South Korea has offered to send aid supplies to North Korea to help the country recover from heavy rains and floods that submerged thousands of homes and huge swathes of farmland.

It is unclear whether North Korea would accept South Korea’s proposal for help.

Animosity between the war-divided rivals is at its highest in years over the North’s growing nuclear ambitions and the South’s expansion of combined military exercises with the US and Japan to counter the North’s threats.

South Korea’s Unification Ministry, which handles inter-Korean affairs, said the South was willing to swiftly provide supplies to address the “humanitarian difficulties” facing North Korean residents following the recent storms.

An aerial view of a flood-hit area in Sinuiju city, North Phyongan province, North Korea
A flood-hit area in Sinuiju city, North Phyongan province, North Korea (Korean Central News Agency/Korea News Service via AP)

The ministry in a statement urged North Korea’s Red Cross to respond promptly to its calls for discussions to determine the types and amounts of South Korean supplies and how to deliver them.

North Korea did not immediately respond to the South’s offer.

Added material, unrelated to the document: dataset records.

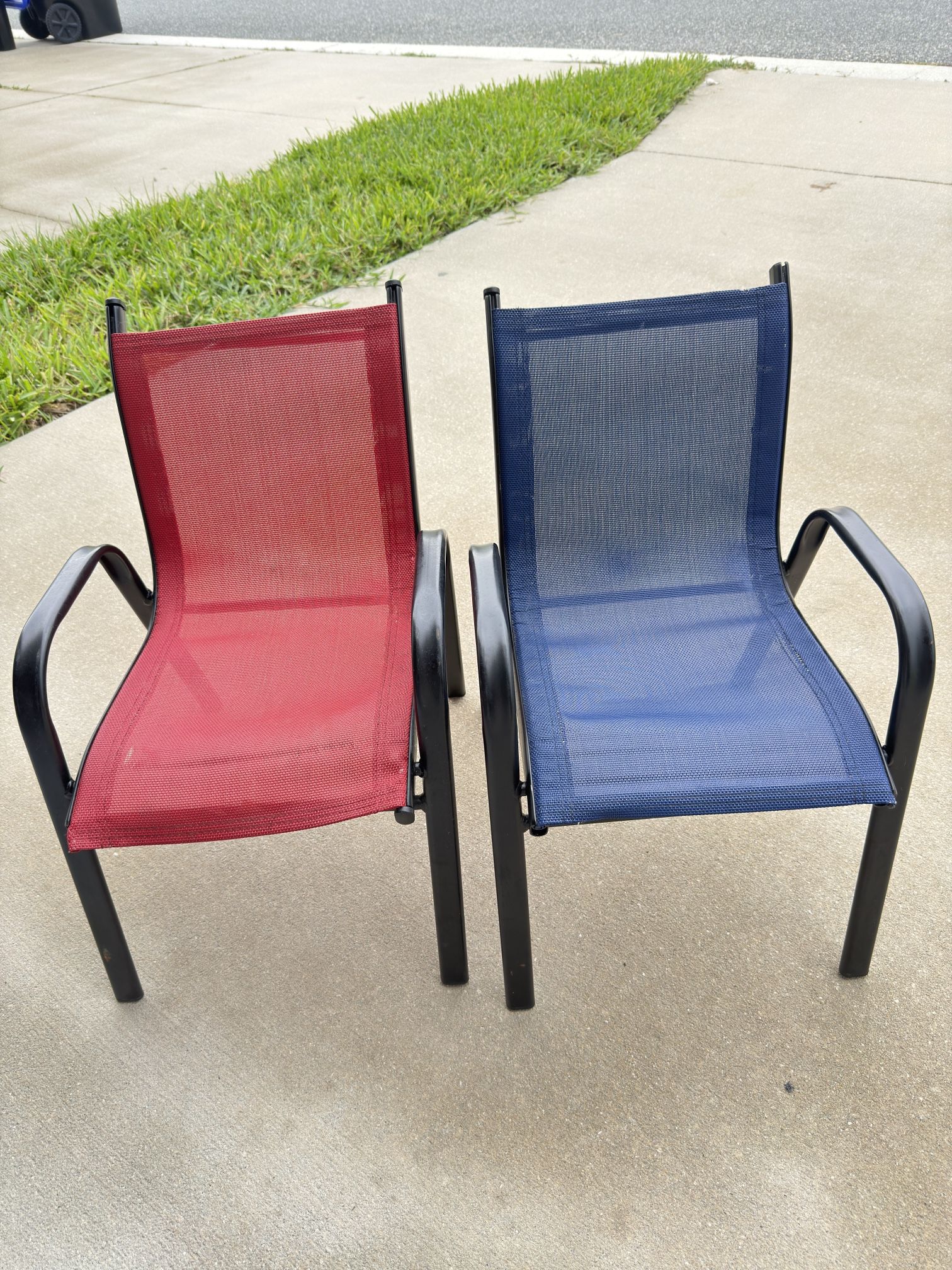 Selling 2 kids’ chairs for $10.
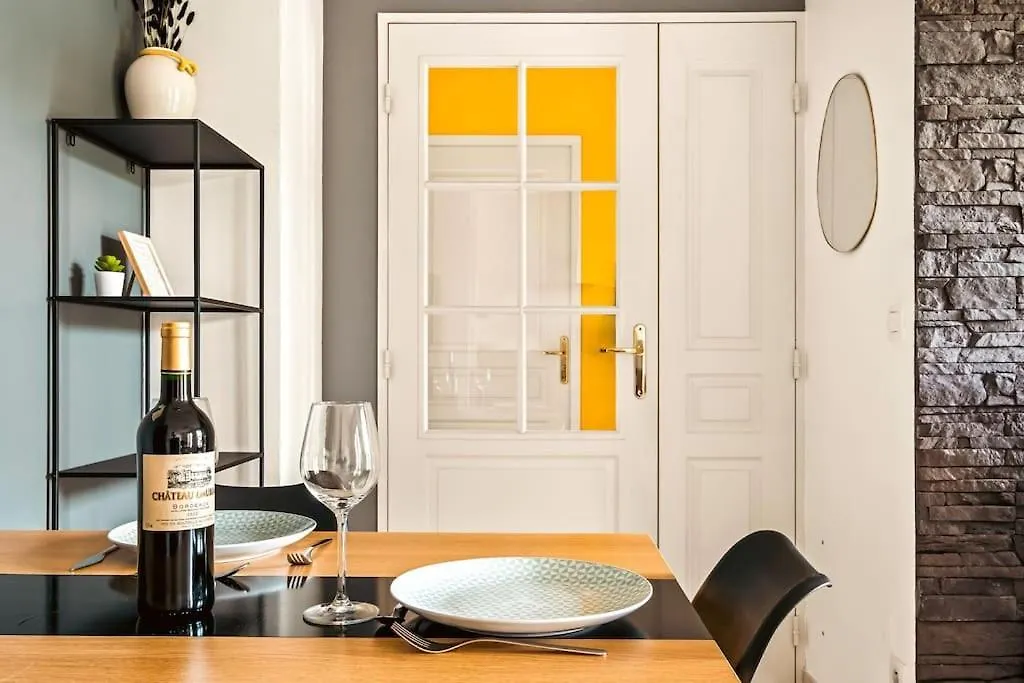 Appartement T2 Paisible Vaise, Avec Parking Metro Direct Bellecour à Lyon
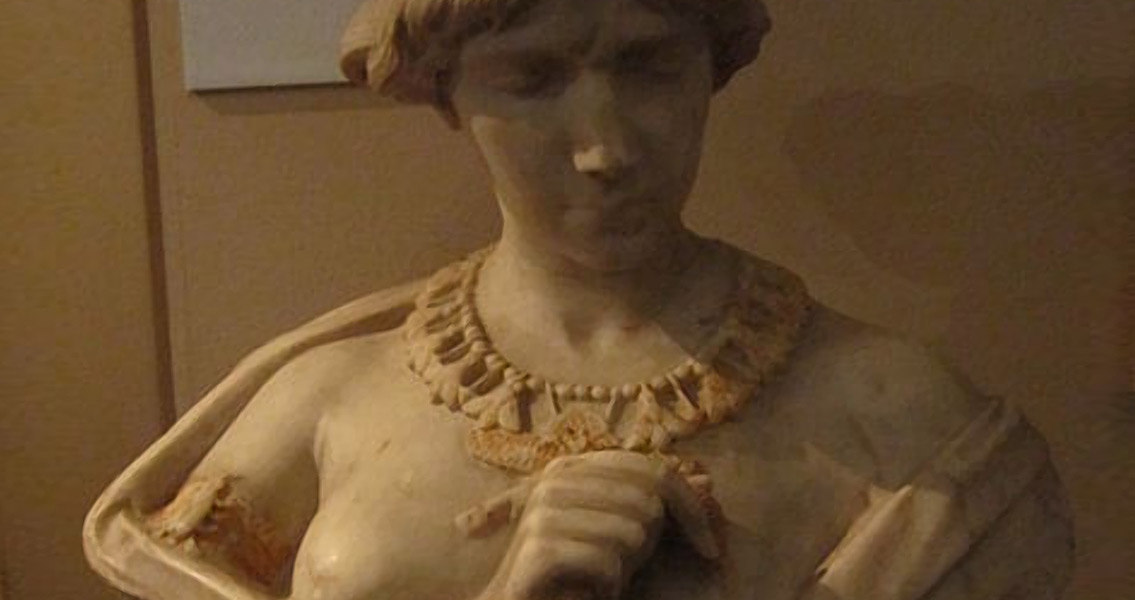 Bust of Cleopatra holding a snake (2)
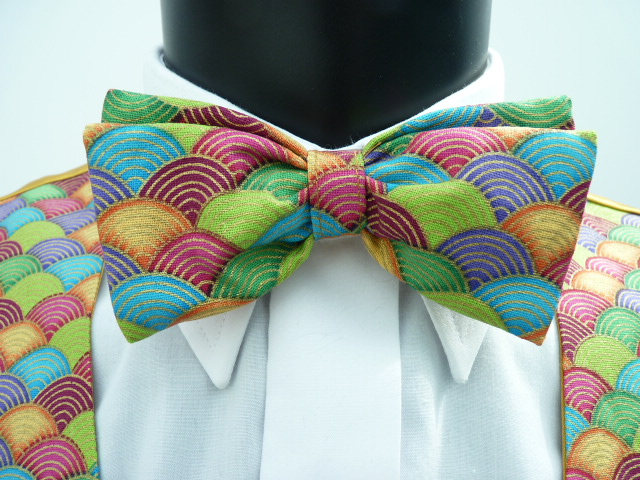 Colourful Shells Bow Tie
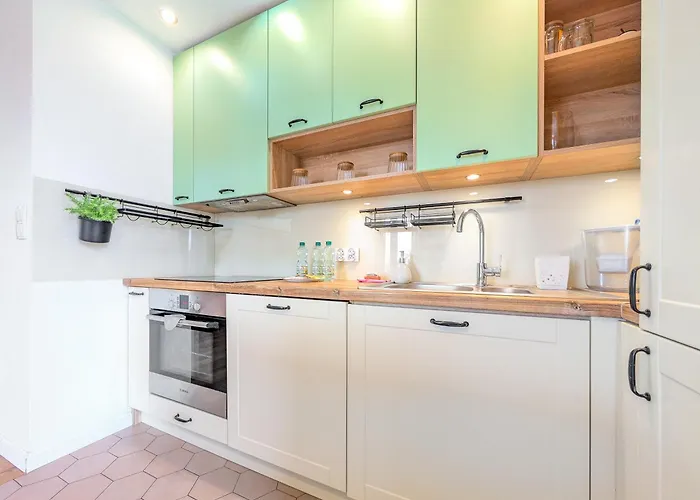 Апартаменти Reymonta Vivid Space By Bookinghost *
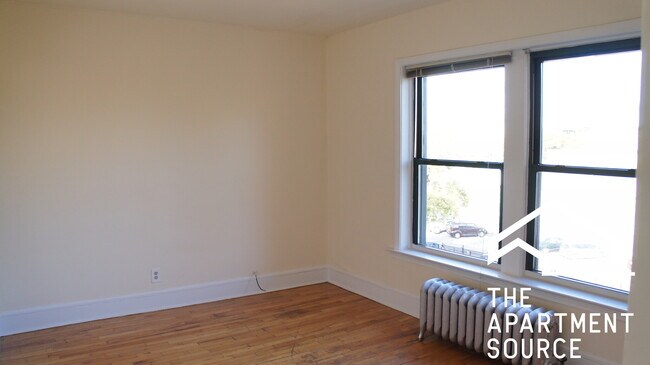 Building Photo - 2338 N Spaulding Ave
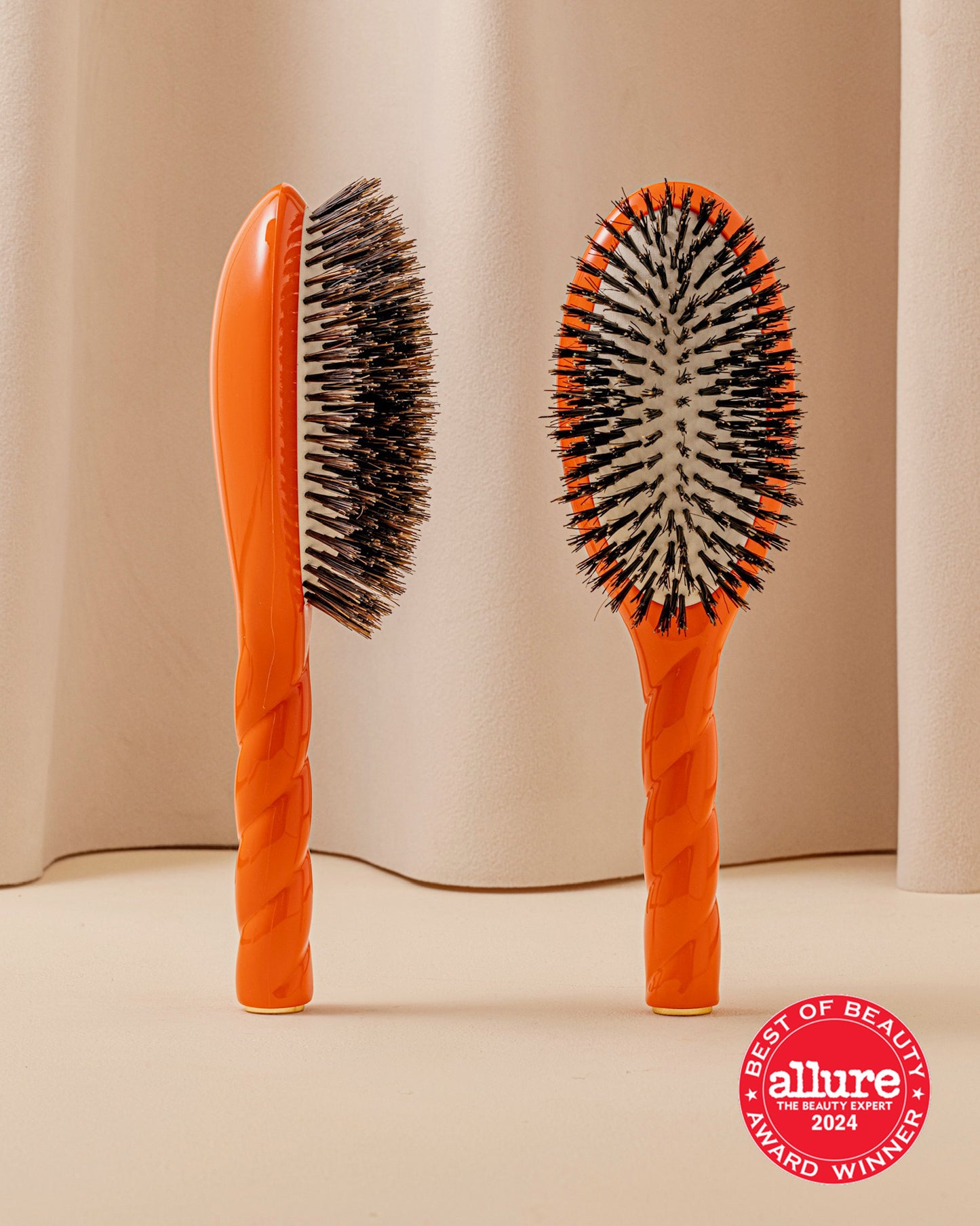 Limited Edition N.01 The Universal Shine Care Brush Orange Seventies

North Korean state media said on Wednesday that recent heavy rains left 4,100 houses, 7,410 acres of agricultural fields and numerous other public buildings, structures, roads and railways flooded in the northwestern city of Sinuiju and the neighbouring town of Uiju.

The North has not reported details about casualties.

In an emergency Politburo meeting on Wednesday in Sinuiju, leader Kim Jong Un asked authorities to “strictly punish” those who he said neglected their responsibilities for disaster prevention and caused “even the casualty that can not be allowed”, according to the North’s Korean Central News Agency.

North Korea has suspended virtually all co-operation and diplomacy with the South after its larger nuclear negotiations with the US derailed in 2019 over disagreements on lifting crippling US-led sanctions and the North’s steps to wind down its nuclear and missile programme.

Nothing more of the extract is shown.